[Exercise]: Copy nothing but the text: reproduce each line of the listing exactly and leave the pictures out.

[Input data]:
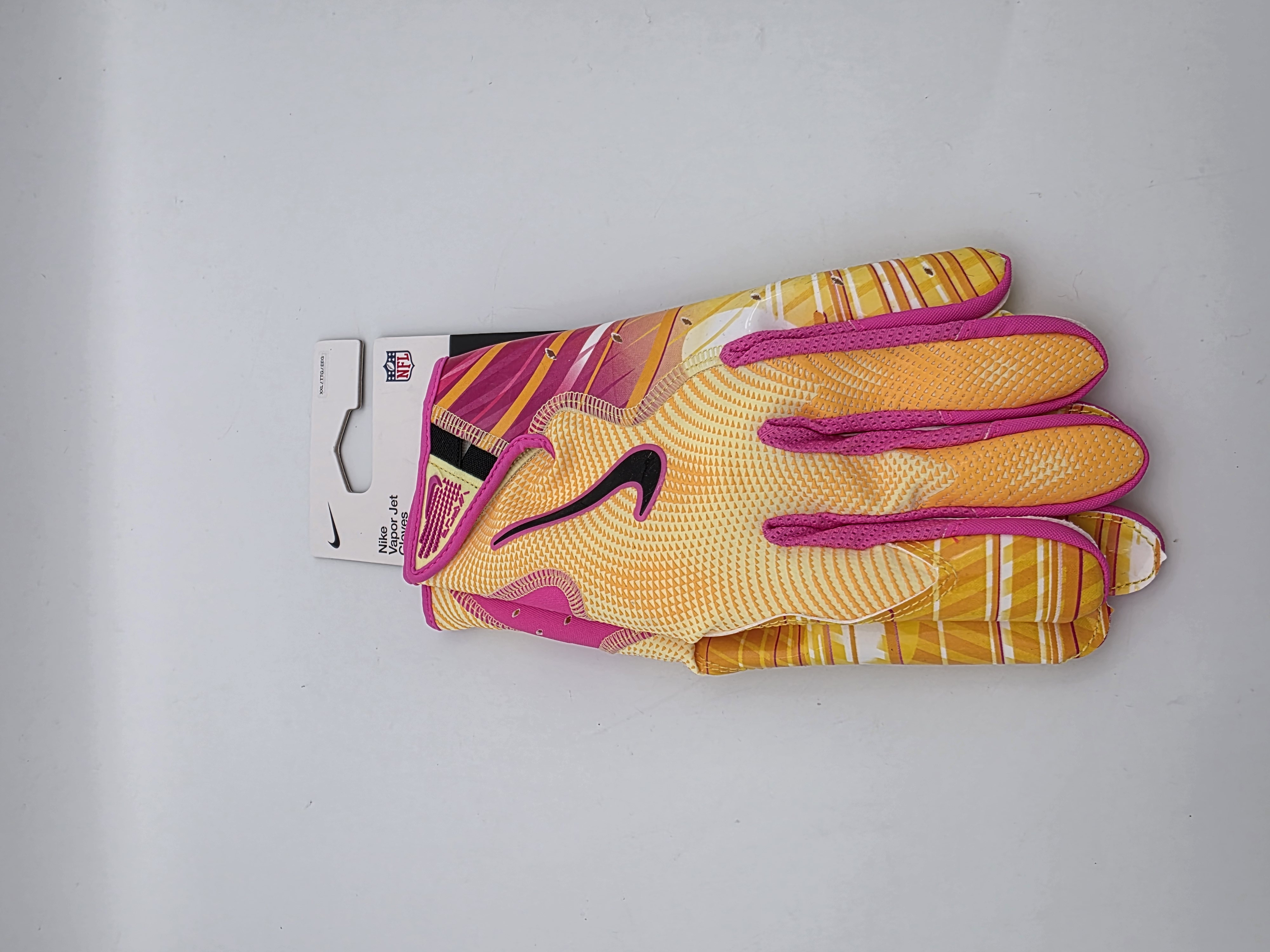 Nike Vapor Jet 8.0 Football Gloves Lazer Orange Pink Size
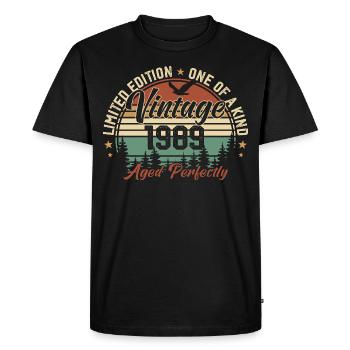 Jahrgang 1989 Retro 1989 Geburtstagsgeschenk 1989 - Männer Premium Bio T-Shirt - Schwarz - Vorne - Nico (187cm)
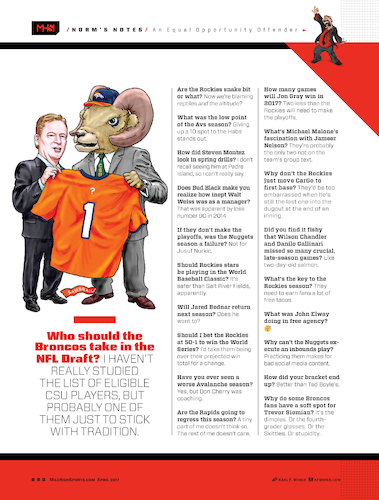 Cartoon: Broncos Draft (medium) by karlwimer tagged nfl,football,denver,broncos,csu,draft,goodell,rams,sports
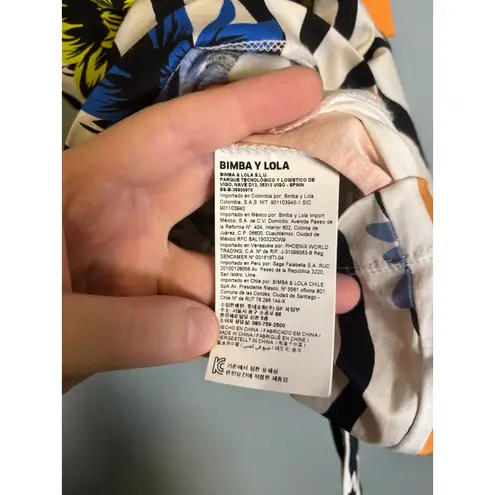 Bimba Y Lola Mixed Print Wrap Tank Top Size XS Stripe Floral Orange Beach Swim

[Answer space]:
 Nike Vapor Jet 8.0 Football Gloves Lazer Orange Pink Size
 Jahrgang 1989 Retro 1989 Geburtstagsgeschenk 1989 - Männer Premium Bio T-Shirt - Schwarz - Vorne - Nico (187cm)
 Cartoon: Broncos Draft (medium) by karlwimer tagged nfl,football,denver,broncos,csu,draft,goodell,rams,sports
 Bimba Y Lola Mixed Print Wrap Tank Top Size XS Stripe Floral Orange Beach Swim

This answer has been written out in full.